On the other hand, the motion makes clear that the failure to timely respond was the fault of cross-defendants’ attorney, and not cross-defendants themselves, and expressly sets forth that it is being made based upon his “mistake, inadvertence, surprise, or neglect”, without ever mentioning the term “excusable neglect.” Consequently, the motion can equally validly be characterized as one based upon the attorney’s declaration of fault, in which relief from default is mandatory.
In opposition, Kent contends that cross-defendants’ unduly delayed seeking relief from the default, but the 11-day delay she identifies is miniscule and virtually meaningless in the context of the litigation. Kent also complains that she would be prejudiced should the default be vacated, but makes no attempt to articulate or identify any cognizable prejudice, and the Court can discern none.
Certainly, Section 473(b) requires that, whenever relief is granted based upon an attorney’s affidavit of fault, the trial court “shall” direct that attorney to pay reasonable compensatory legal fees and costs to opposing counsel or parties. In this case, the Court cannot find that opposing counsel has sustained much, if any, “reasonable” compensatory legal fees and costs arising from the motion. The Court would find, however, that an amount equal to two hours of attorney time, billed at Kent’s counsel’s ordinary rate, would more than compensate Kent’s counsel for any “reasonable” compensatory legal fees incurred, under the circumstances presented.
Consequently, so long as counsel for cross-defendants is willing to pay Kent’s counsel for two hours of attorney time, billed at counsel’s ordinary rate for litigation of this sort, the Court will grant the motion pursuant to the mandatory relief provisions applicable to circumstances where an attorney declaration of fault is submitted, and order the default to be vacated. Should this be the case, the Court would request Kent’s counsel to advise it at the hearing what his ordinary hourly rate is for matters such as this, and order that two hours at that rate be paid by counsel for cross-defendants forthwith, but in any event no later than March 21, 2025. Cross-defendants shall also file their responsive pleading no later than March 21, 2025, or such other date as this Court might specify at the hearing on the motion.

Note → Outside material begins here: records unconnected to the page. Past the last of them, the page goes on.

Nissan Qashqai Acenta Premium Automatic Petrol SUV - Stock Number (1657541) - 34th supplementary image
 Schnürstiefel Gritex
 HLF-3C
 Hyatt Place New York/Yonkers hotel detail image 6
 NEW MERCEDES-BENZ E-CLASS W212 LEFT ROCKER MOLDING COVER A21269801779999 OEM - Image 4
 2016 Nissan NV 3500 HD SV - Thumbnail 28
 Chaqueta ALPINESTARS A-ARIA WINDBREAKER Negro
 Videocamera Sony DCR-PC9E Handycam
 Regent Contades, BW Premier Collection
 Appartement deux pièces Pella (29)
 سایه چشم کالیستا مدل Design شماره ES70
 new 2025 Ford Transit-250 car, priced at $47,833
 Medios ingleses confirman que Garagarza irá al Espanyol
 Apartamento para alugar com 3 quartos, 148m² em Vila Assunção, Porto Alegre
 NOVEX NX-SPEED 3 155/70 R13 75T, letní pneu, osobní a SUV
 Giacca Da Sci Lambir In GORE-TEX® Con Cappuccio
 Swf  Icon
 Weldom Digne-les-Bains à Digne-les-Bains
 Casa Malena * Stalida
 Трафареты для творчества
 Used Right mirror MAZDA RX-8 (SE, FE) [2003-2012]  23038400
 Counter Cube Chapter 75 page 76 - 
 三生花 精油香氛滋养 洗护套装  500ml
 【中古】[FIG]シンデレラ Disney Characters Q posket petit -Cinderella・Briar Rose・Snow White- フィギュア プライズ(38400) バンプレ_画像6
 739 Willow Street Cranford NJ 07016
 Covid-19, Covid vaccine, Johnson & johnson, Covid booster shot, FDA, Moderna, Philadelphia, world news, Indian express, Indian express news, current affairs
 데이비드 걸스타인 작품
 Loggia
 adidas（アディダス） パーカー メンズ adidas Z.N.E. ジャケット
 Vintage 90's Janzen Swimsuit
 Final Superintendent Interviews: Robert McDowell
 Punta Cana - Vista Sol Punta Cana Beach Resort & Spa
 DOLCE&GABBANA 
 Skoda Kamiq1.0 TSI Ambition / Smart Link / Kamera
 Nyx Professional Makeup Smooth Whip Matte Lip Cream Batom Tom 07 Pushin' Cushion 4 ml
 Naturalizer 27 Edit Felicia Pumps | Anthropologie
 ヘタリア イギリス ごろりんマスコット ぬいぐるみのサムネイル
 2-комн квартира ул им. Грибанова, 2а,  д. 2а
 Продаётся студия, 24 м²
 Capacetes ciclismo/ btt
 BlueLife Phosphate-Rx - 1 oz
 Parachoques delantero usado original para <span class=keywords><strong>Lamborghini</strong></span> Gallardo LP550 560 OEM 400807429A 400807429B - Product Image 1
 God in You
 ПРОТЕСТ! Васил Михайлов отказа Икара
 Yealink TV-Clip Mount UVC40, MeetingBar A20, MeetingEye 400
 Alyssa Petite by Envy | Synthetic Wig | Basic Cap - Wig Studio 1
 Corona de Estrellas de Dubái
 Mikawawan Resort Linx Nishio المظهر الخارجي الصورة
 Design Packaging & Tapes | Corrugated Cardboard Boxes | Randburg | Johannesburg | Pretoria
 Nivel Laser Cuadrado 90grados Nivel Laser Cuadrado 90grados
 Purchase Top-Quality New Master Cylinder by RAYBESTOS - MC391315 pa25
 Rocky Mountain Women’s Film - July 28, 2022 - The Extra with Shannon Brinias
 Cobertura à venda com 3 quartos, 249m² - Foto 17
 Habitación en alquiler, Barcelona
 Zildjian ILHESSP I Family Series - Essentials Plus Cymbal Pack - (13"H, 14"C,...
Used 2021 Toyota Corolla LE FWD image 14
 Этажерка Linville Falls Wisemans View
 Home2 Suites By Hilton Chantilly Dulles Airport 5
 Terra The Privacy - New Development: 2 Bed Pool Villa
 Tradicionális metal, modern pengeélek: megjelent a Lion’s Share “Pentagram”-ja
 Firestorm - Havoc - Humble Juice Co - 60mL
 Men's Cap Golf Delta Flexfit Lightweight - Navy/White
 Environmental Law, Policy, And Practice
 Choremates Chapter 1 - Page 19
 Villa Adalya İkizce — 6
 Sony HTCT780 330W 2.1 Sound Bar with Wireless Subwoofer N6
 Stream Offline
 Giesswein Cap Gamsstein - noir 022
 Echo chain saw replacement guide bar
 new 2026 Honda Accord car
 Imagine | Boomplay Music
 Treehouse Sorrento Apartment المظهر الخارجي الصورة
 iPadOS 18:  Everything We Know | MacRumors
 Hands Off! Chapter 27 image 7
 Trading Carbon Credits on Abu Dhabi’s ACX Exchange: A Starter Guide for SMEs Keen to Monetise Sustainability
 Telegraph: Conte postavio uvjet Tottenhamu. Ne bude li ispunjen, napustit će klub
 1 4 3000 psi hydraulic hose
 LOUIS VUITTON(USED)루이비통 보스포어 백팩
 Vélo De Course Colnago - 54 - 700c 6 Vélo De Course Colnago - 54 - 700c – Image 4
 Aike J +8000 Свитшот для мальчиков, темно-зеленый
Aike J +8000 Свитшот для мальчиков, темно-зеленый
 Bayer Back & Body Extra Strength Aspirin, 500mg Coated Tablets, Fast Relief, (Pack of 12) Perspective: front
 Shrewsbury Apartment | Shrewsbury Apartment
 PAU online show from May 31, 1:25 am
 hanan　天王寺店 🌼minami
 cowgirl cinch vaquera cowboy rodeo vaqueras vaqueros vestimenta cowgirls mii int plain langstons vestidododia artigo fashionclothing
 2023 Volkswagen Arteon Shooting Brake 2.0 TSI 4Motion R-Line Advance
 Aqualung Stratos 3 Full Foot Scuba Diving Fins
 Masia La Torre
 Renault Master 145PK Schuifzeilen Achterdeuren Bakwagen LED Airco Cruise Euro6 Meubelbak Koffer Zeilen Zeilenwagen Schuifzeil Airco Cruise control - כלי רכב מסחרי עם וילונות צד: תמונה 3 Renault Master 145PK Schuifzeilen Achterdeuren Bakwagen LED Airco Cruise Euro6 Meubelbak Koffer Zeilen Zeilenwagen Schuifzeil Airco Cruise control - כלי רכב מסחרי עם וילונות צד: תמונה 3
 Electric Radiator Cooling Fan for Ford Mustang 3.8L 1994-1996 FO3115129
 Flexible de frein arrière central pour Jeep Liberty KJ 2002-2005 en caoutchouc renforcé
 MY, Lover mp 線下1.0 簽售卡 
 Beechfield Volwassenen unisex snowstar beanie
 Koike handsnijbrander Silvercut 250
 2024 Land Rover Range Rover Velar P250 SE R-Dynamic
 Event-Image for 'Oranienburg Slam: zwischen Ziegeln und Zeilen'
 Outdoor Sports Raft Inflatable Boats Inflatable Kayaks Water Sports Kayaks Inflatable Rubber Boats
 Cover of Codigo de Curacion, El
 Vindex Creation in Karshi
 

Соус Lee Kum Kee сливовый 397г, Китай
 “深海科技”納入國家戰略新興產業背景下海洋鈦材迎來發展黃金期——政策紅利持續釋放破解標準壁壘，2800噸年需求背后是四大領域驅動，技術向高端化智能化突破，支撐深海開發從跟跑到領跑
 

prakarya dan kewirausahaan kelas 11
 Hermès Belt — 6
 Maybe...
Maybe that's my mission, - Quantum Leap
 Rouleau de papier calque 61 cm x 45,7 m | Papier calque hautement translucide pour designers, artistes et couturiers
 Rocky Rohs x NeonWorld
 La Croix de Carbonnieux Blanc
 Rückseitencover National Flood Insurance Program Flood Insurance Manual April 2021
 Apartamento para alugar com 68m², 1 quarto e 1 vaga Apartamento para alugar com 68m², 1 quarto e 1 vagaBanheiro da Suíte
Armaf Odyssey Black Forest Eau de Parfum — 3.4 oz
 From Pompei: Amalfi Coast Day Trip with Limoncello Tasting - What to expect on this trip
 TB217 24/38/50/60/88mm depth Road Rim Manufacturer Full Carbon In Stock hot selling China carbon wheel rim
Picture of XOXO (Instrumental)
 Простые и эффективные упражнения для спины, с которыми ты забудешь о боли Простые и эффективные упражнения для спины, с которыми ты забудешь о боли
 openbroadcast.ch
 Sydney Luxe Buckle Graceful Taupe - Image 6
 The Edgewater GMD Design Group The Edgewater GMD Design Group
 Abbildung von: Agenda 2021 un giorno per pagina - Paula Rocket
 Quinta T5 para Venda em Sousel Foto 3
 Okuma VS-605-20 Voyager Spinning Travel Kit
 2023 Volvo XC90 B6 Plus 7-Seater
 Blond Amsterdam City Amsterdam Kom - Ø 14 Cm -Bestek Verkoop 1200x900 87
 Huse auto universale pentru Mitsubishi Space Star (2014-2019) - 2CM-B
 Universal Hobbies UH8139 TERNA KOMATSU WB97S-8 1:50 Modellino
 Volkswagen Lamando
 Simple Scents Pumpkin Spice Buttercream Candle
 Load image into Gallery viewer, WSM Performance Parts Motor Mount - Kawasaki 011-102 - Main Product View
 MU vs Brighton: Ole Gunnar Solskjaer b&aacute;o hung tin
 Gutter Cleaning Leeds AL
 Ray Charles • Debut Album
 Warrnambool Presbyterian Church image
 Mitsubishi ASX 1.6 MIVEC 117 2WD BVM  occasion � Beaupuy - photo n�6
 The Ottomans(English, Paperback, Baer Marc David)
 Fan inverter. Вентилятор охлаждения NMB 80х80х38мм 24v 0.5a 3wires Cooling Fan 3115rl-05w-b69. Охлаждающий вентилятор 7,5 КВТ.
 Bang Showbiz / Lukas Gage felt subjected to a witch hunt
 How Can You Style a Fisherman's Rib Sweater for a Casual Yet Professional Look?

In the event that the fees are not paid, the Court would entertain a future request strike any such responsive pleading, and reenter the default.
If counsel is unwilling to pay the fees, the motion will be determined under the discretionary provisions, under which it will need to be denied, given the failure of the motion to show specific facts establishing the existence of surprise, mistake, or excusable neglect for the period after counsel’s return to his office, as those terms are understood within the context of Section 473(b).